What happens a lot is people using yacht rock synonymously with soft rock. Even the SiriusXM Yacht Rock Radio station plays songs by Air Supply and Chicago and things [that aren’t yacht rock]. With this movie, we were really trying to nail it down to what the Yacht Rock guys were referring to, specifically, which was this group of musicians in L.A. in the late ’70s and early ’80s who knew each other and collaborated on each other’s records, how they came from the pop-rock world but were influenced by R&B and jazz. That’s what we focused on in the movie. The issue typically has been treating yacht rock as another term for soft rock music from the ’70s. [Yacht Rock host] Steve Huey says in the movie, “All yacht rock is soft rock, but not all soft rock is yacht rock.” That’s an important distinction to make.
Fleetwood Mac and the Eagles come up as examples in the film of bands often erroneously lumped into the yacht rock genre. But Fleetwood Mac are missing the jazz element, and the Eagles are a country-rock band.
I think the one yacht rock song that the Eagles have is “I Can’t Tell You Why.” It’s a little bit more R&B, with the prominent Fender Rhodes. But just using yacht rock as a catchall to describe any music from California in the ’70s or any kind of mellow band from the ’70s is not correct. From the Steely Dan side, you see people object to the term yacht rock. Some people get really testy about it. And this is addressing your readership: Steely Dan fans who maybe are thinking that the movie is just going to be talk about soft rock and jokes about boats and stuff—I mean, the movie’s a lot of fun, and I think the movie’s funny, but it does not treat the music like a joke. The humor comes organically out of the musicians who are just really funny, cool guys. They’re all likable, and they’re all self-aware, too, which is always an endearing quality. So it’s a fun movie, but it takes the music seriously, maybe in ways that other examinations of this scene haven’t.
The film seems to find its thesis in something that you say about the jokey, cartoonish image yacht rock has taken on in some corners, with cover bands smirking on stage in matching captain hats and so on. You believe the perception of yacht rock as a kind of joke has altered the way the music is perceived, or that it has obscured the actual story of this scene.

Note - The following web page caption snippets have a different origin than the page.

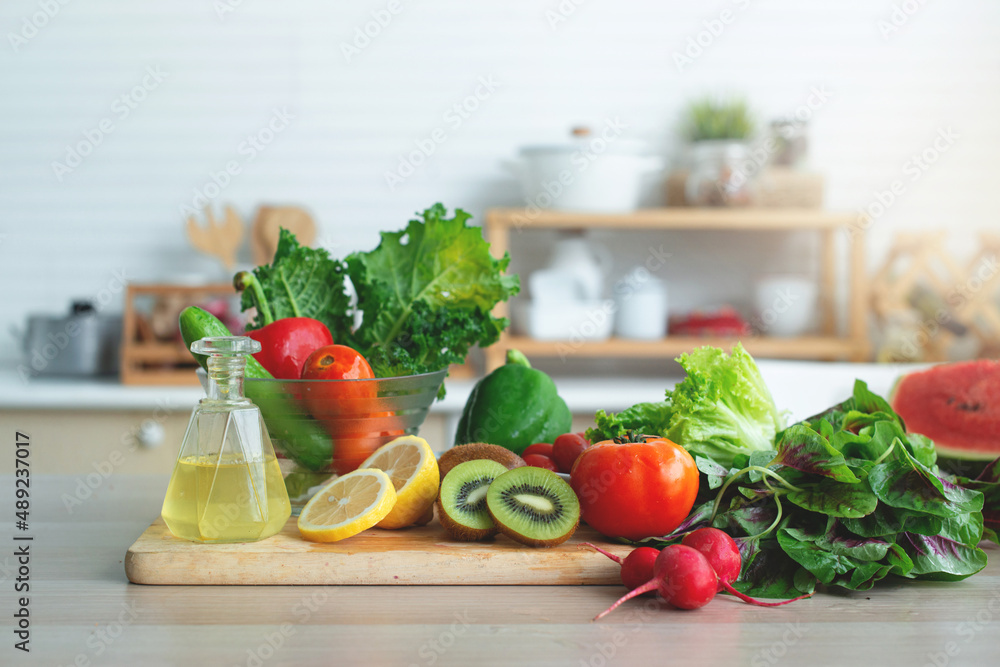 Fresh fruits and vegetables on wooden table in bright white kitchen, healthy lifestyle concept Fresh fruits and vegetables on wooden table in bright white kitchen, healthy lifestyle concept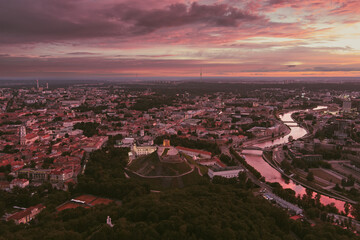 Scenic aerial view of Vilnius Old Town and Neris river at nightfall. Sunset landscape.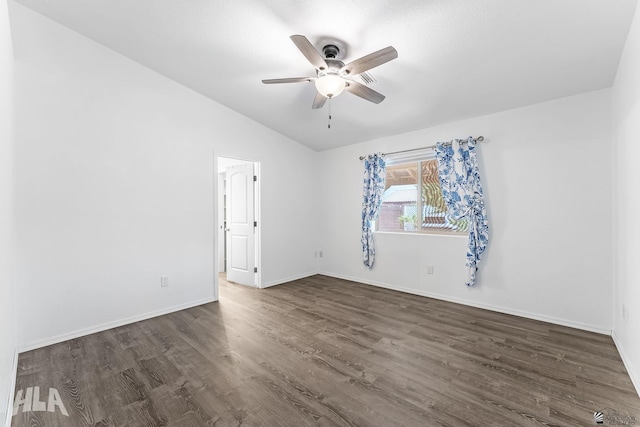 11637 E 27th St, Yuma, AZ 85367 - spare room with dark wood-style flooring, ceiling fan, baseboards, and lofted ceiling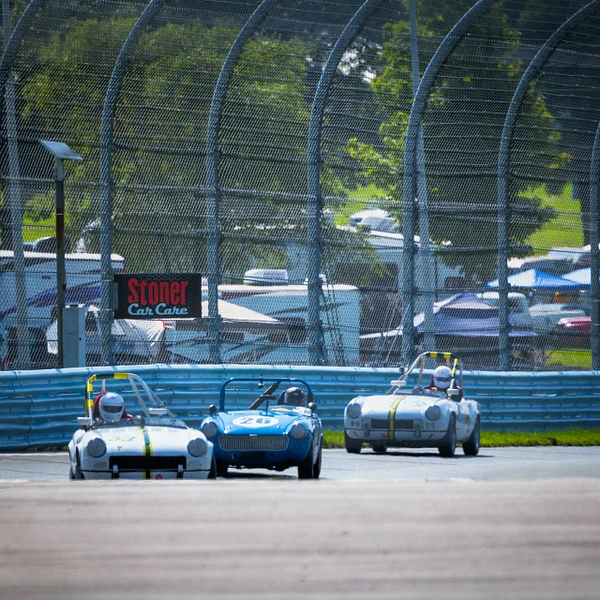 Three classic sports cars racing at Watkins Glen International track.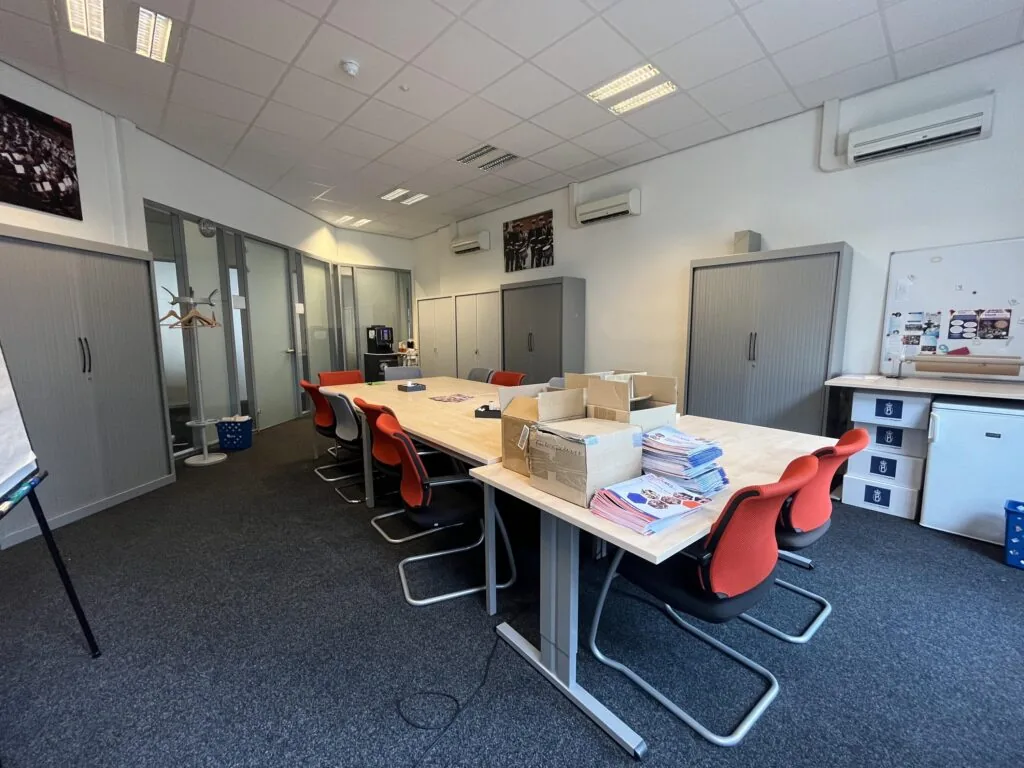 Een vergaderruimte met een grote tafel omringd door rode stoelen, met stapels folders erop en kasten langs de muren.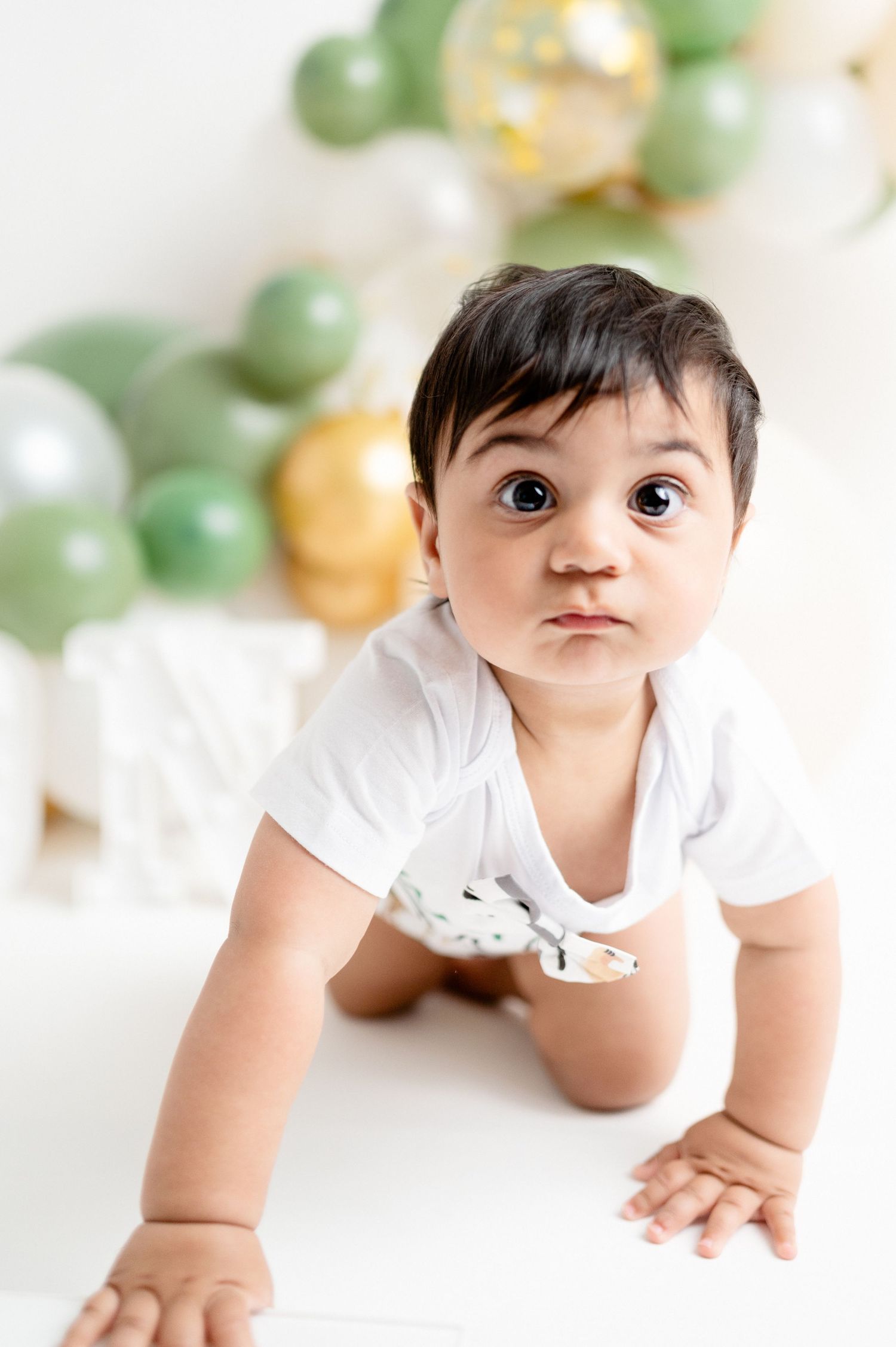 Baby crawling on white floor with green and gold balloon arch decoration.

On the whole, yacht rock as a term has been a positive for these musicians because it did identify that this was a scene. That wasn’t appreciated as much before the web series. But even the web series, in a way, has also been distorted a little bit by time. People think of the web series as just being this sort of jokey thing about the musicians. But you hear from Steve Huey and [cocreator and star] J.D. Ryznar in the movie a lot, because they know a lot about this music. They approach it from an almost scholarly perspective. Steve Huey is a music critic. He has hundreds if not thousands of bylines on AllMusic. J.D. is a comedy writer, but he is an amateur historian of this music. I knew they’d be articulate, but I didn’t know that we’d end up using them quite as much as we did. I quickly realized it’s relatively easy to find people who can talk about Steely Dan. However, there weren’t many people who could go deep on Kenny Loggins or Christopher Cross. Only Steve and J.D. could do that. They have studied this music. They looked at liner notes and figured out organically that not only were these musicians all in the same place at the same time, but they were playing on each other’s records. At one point early in the making of the movie, I was outlining the story with Garret [Price, the director], and I was like, “This is the middle-aged White-guy Wu-Tang Clan.” You’ve got Christopher Cross and Michael McDonald over here on this one record together; you have Michael McDonald and Kenny Loggins over there on another record. Michael McDonald is the center of this. He’s the common touchstone that links everybody in the movie, because Christopher Cross and Kenny Loggins didn’t really associate, and Loggins didn’t do things with Steely Dan. But they all did something with Michael McDonald. He’s the central hub.
The super connector.
In the L.A. studio scene in the ’70s, you had this group of musicians who were basically just hanging out in studios during the week. You’d do a session at one studio in the morning, then go do a session at another studio in the afternoon. And people like Steve Lukather and Jeff Porcaro and David Paich were playing on records that we all know that they played on, but they also played on records that they weren’t identified as being on the record. And a lot of times they were records that maybe the artist or record company wouldn’t have wanted to publicize that the members of Toto were playing on it. Back then you had musicians that were playing in all different genres and with all different kinds of artists, whether they were in rock or R&B, whether they were White or Black—it didn’t really matter. These guys were so good, they could play anything. What’s interesting to me about that is that it really cuts against the grain of how we talk about music a lot of the time, which is trying to put things into specific genres or even specific demographic groups.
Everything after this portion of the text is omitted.